I thought about it for a while but never tried making one, but I would probably take the approach of "plasma immersion ion implantation" which has no ion mass selection (no linac, just a big chamber)
but isn't it just a few atoms? like 1:100 million
and would experiment putting small solid sources of dopant material (phosphorus, boron oxide) in the chamber and heating them to produce small and controllable amounts of dopant gas.
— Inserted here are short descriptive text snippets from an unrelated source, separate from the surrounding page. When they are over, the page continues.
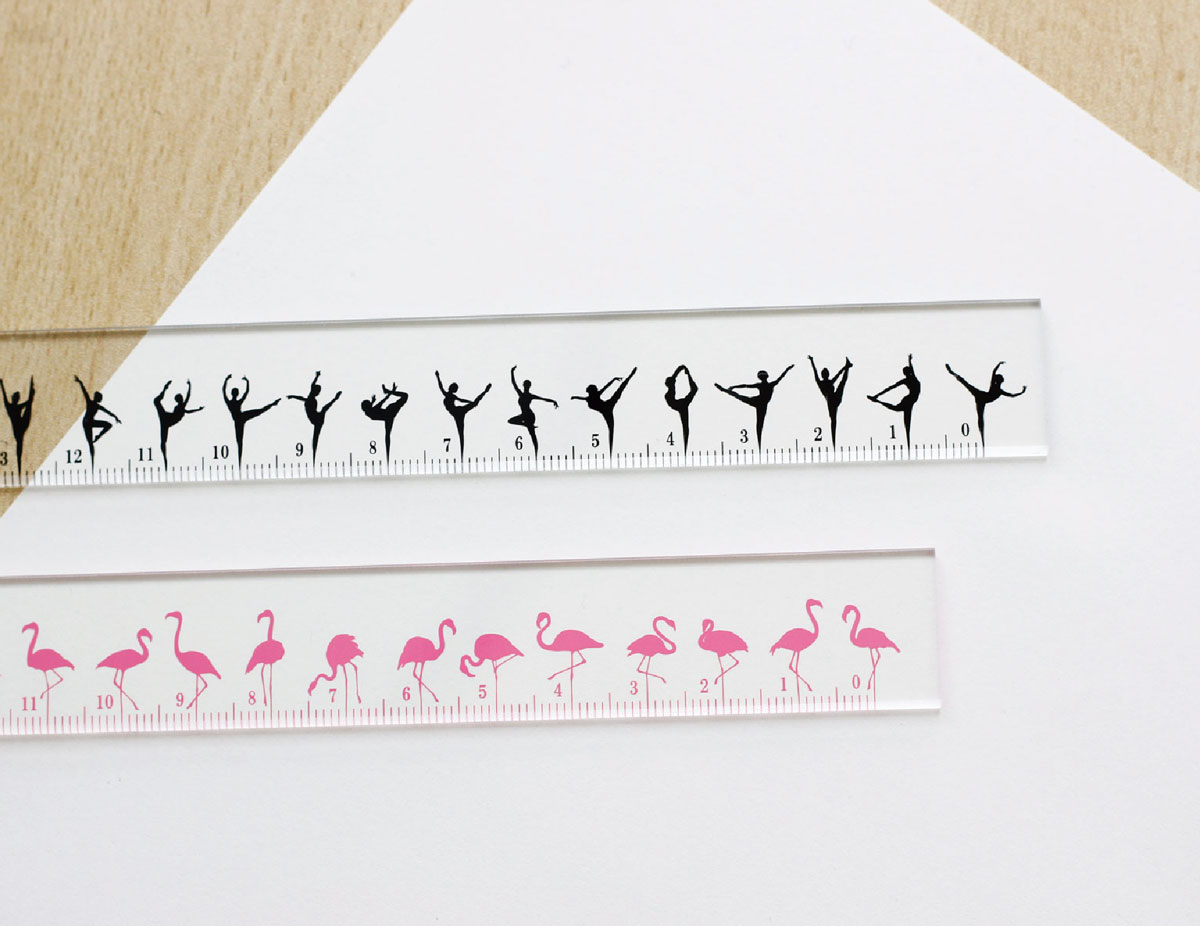 Silhouette ruler thumb
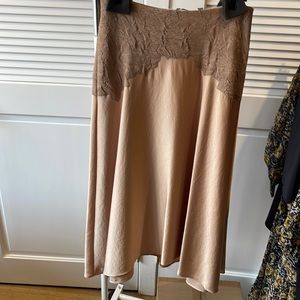 VINCE Gold crepe and silk effect midi skirt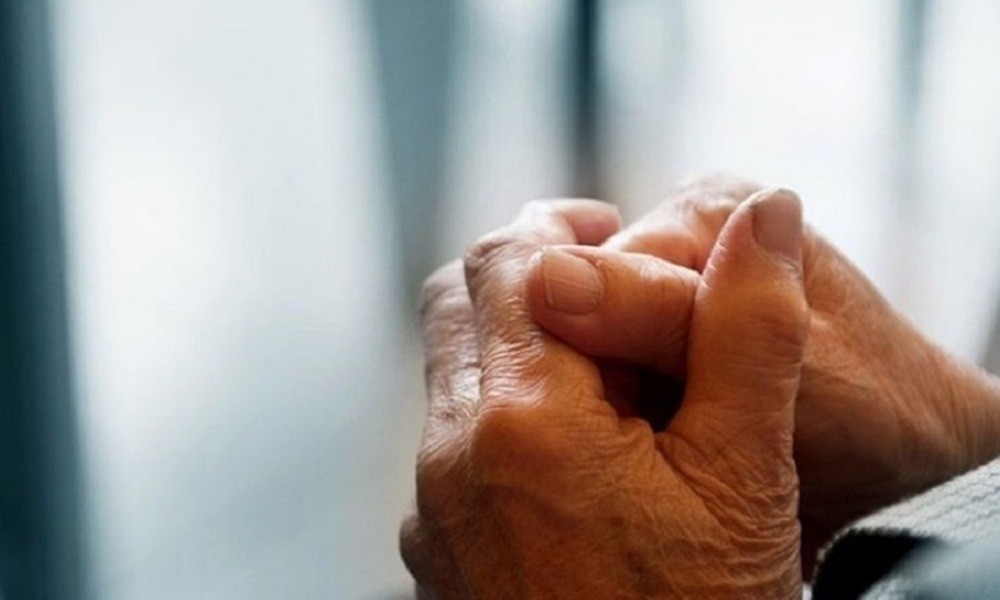 «Παγώνει» επ’ αόριστον το πρόστιμο στη γιαγιά με τα τερλίκια - Media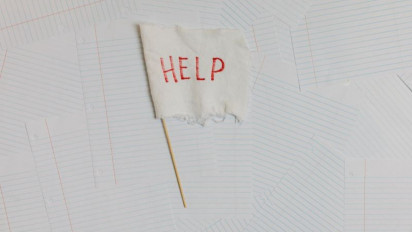 "Gaslighting", Kekerasan Psikis dalam Hubungan Tak Sehat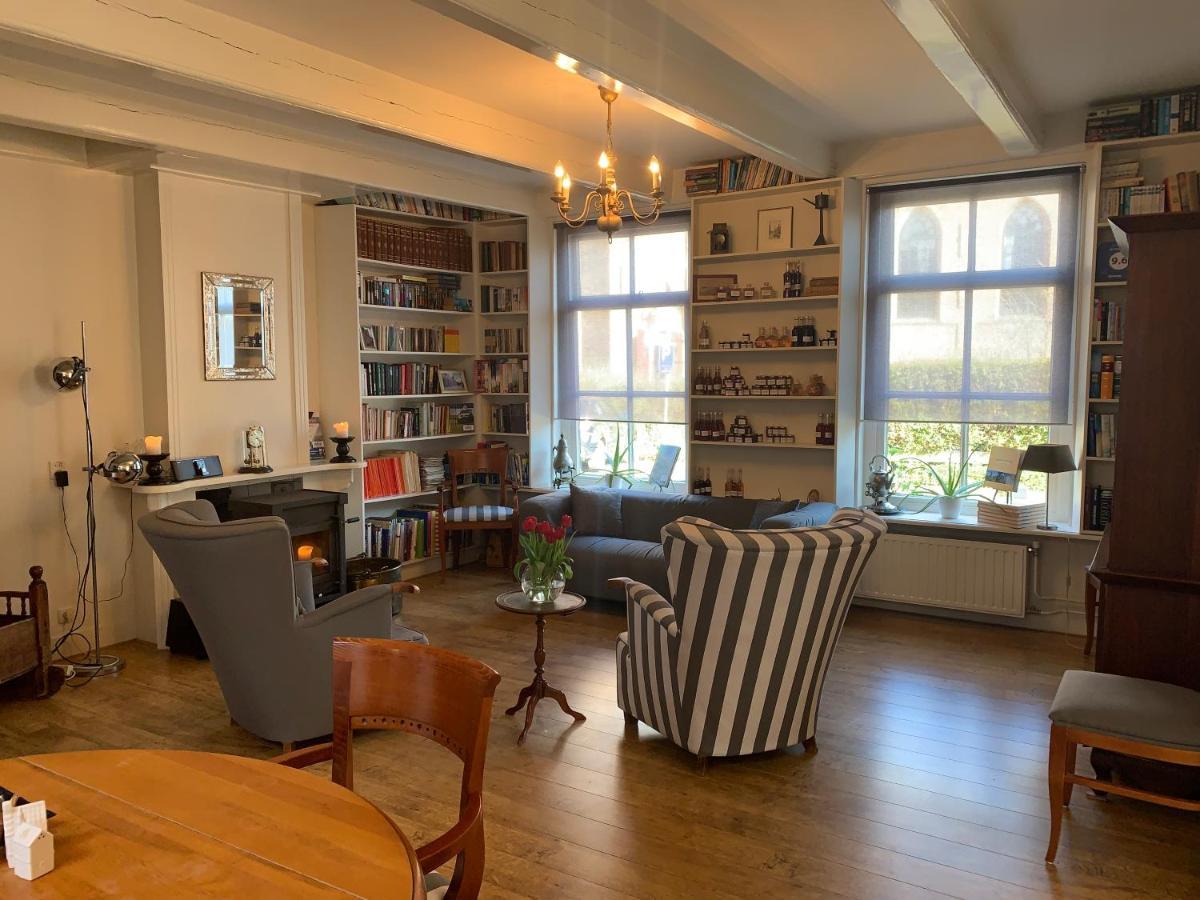 De Thuiskamer In Grou Als B&B Of Vakantiehuis Ngoại thất bức ảnh
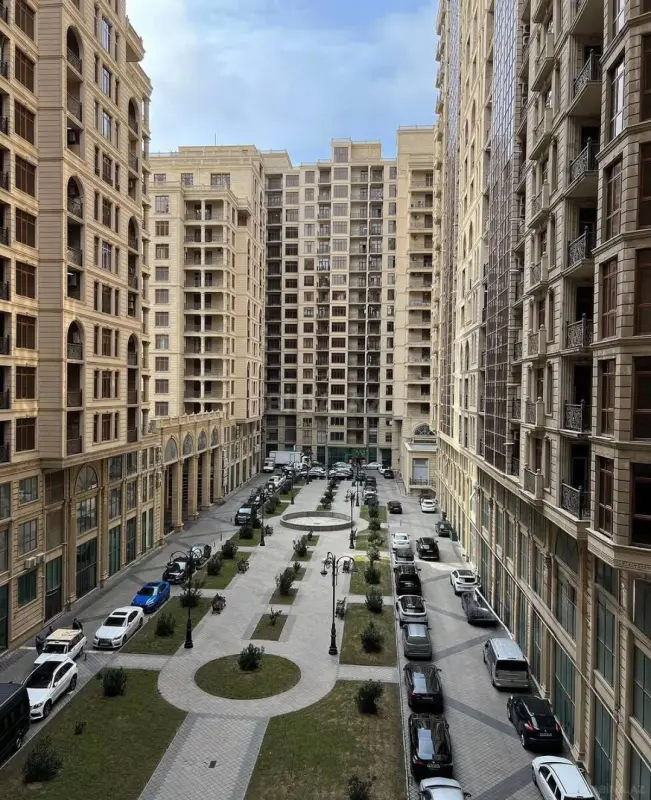 Satılır 4 otaqlı mənzil 216 m²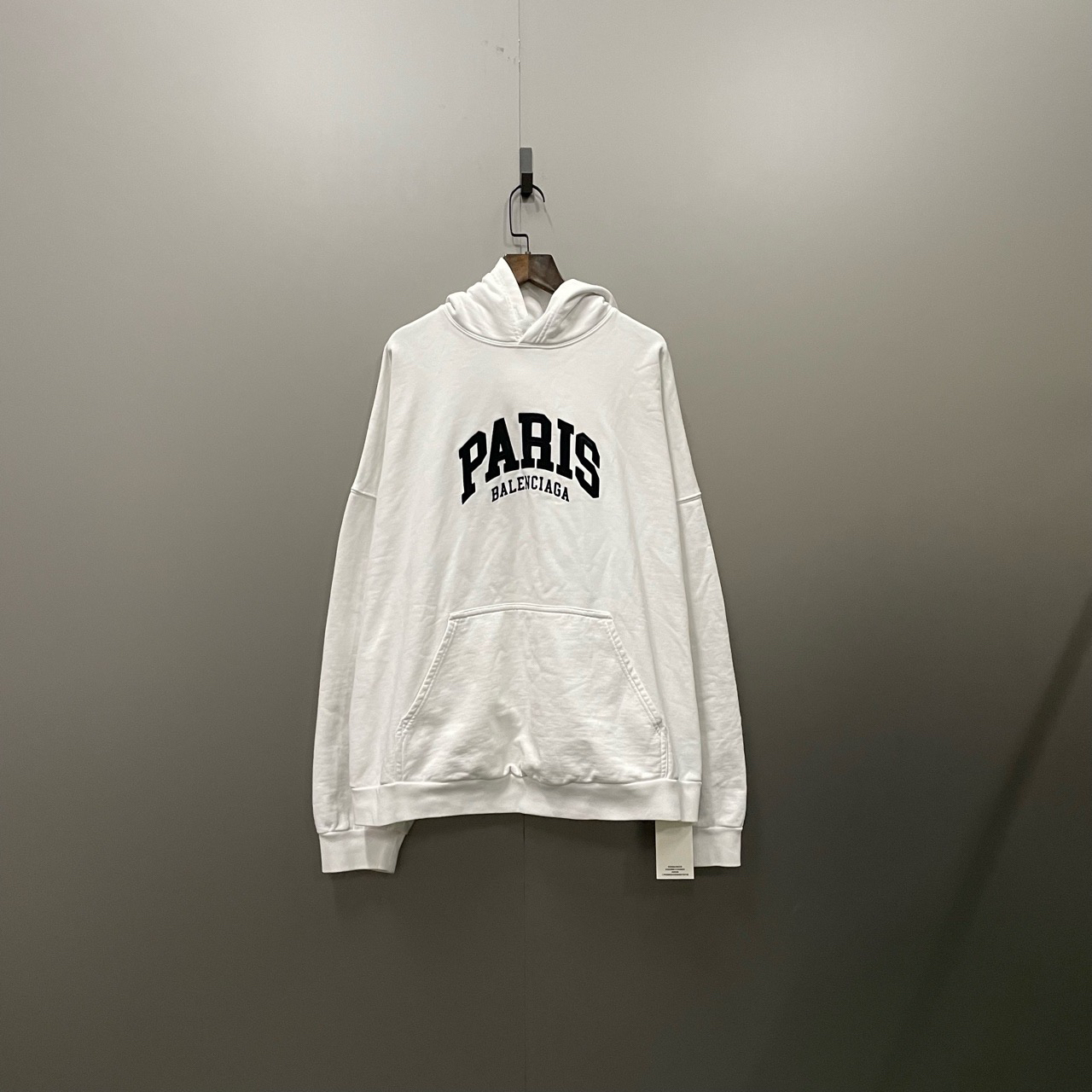 Balenciaga 巴黎世家 白色logo帽衫 2码/95新/毒5099/无配件 轻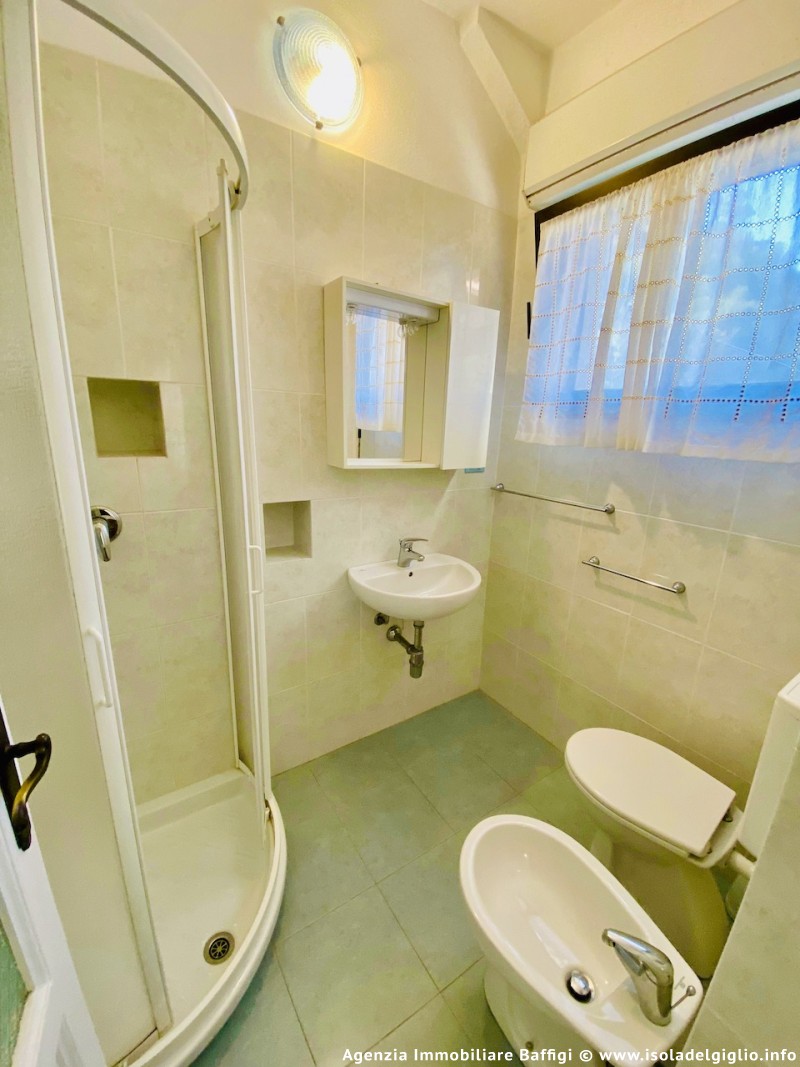 rent-gallery.alt_base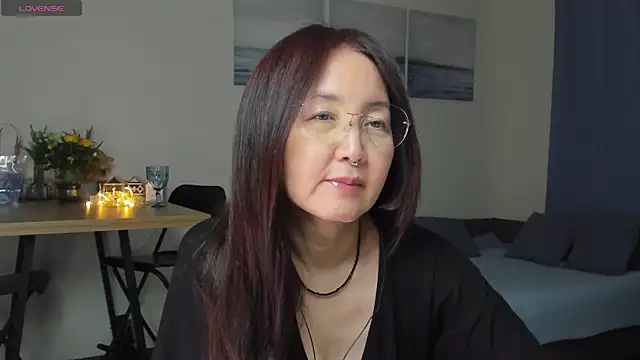 AvroraSakura online show from 3, 3, 2025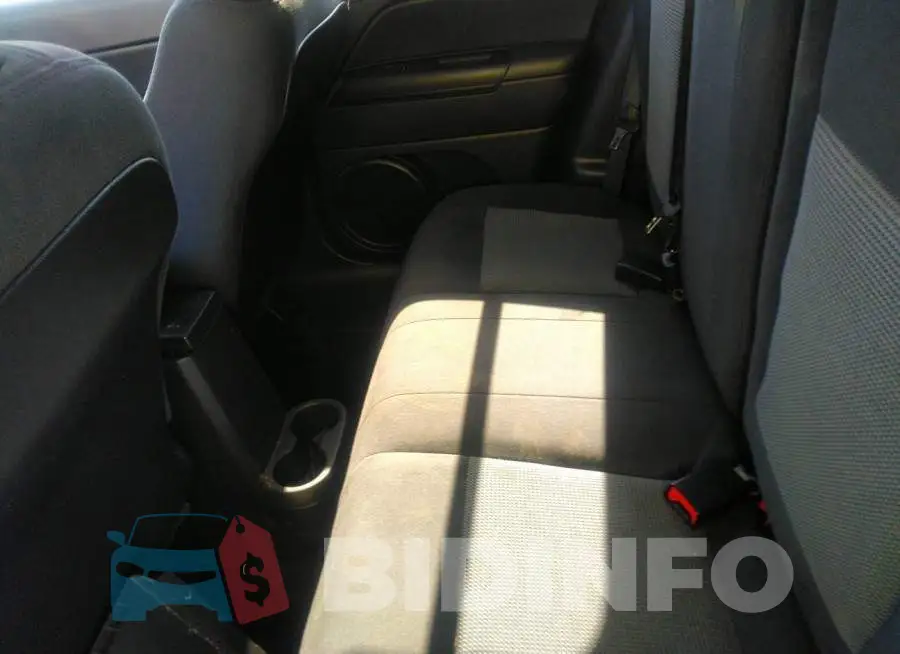 1C4NJPFB2GD502578 Photo# 8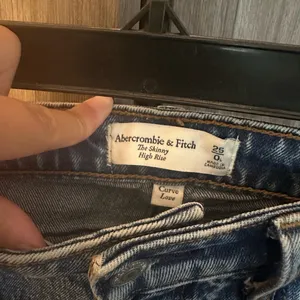 Abercrombie Curve Love Cutoff Skinny Jeans thumbnail 2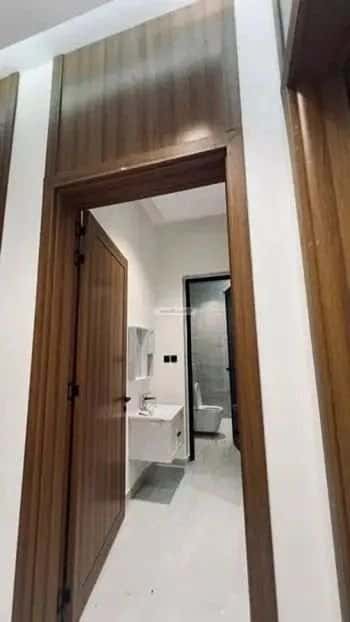 دور 336 متر مربع ب 4 غرف القادسية، شرق الرياض، الرياض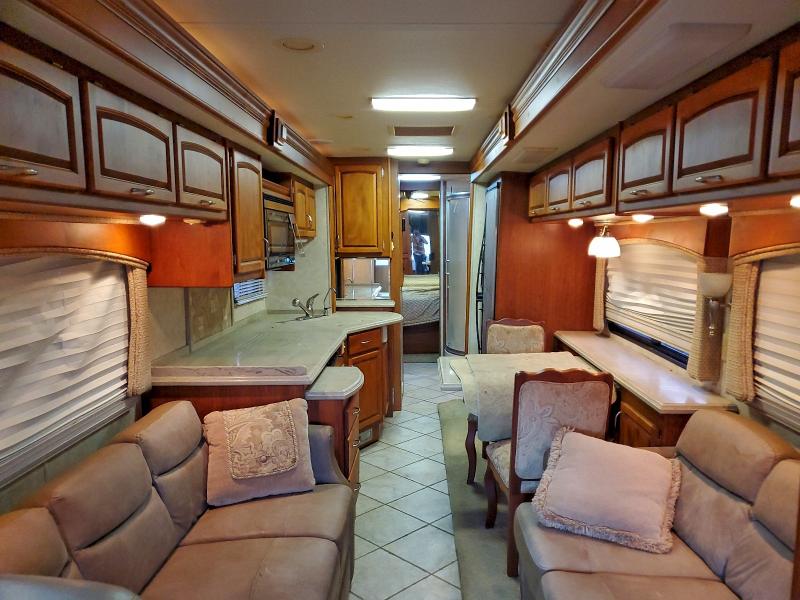 Photo 6 from auction – 2008 ROADMASTER RAIL MONOCOQUE with VIN 1RF43464X82044901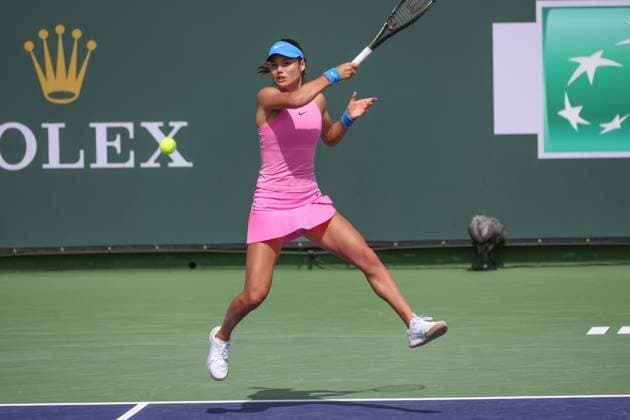 INDIAN WELLS, CA - MARCH 09: Emma Raducanu (GBR) hits a forehand during the BNP Paribas Open on March 9, 2024 at Indian Wells Tennis Garden in Indian Wells, CA. (Photo by George Walker Icon Sportswire) TENNIS: MAR 09 BNP Paribas Open EDITORIAL USE ONLY Icon240309019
Of course, the exhaust from the vacuum pump would be out the nearest window...
i've been playing around with some designs for direct ion writing. wanted to mod the magnetron to focus the plume to a beam and then move it around with some deflection lenses. no idea what sort of resolution you can get out of something like that though
who needs a mask when you can just print your traces directly! least that's the dream. probably won't get to try it for a while though
See Applied science video on electron microscope for that.
focusing the beam might me the hardest
I have a green book somewhere on the theory of ion implantation, it mentions direct write doping with a technique like that. Ill dig up the title and send it later, its certainly possible but was abandoned in the industry for speed and resolution problems. Focusing a beam of positively charged things is so much harder than negatively, like electrons i think.
its a good idea, and would be so cool if you could mess with it.
you also needs a lot of em shielding.
i figured as much. mostly just want to do it for the same reasons i do anything. seemed fun to mess around with XD
@Chris Gammell talks often about printing ICs on the amp hour, maybe he has some ideas how to do it?
http://sam.zeloof.xyz/category/plasma/ Looking forward to your direct chip writer...
for sure. I have some random plasma related experiments here, that may be of interest.what are you using as your rf source for that rf plasma?
10M ham radio or CB radio, 25W and sometimes with 200W LDMOS amplifier
anything will work, 1khz to 100mhz easily, as long as you have a matching network and more than a few watts
Hah, cool. Is that why you got your ham license? Or did that happen first?
Can I use Tesla coil for that?
hmm interesting. i just used a desktop tesla coil as my rf source XD kinda worked and ingnited plasma easily but didn't really strike me as enough power to really do anything. i'll look into a ham transmitter
Actually had the ham license first, but this was a nice use for it!
because the coupling between the two coils is weak.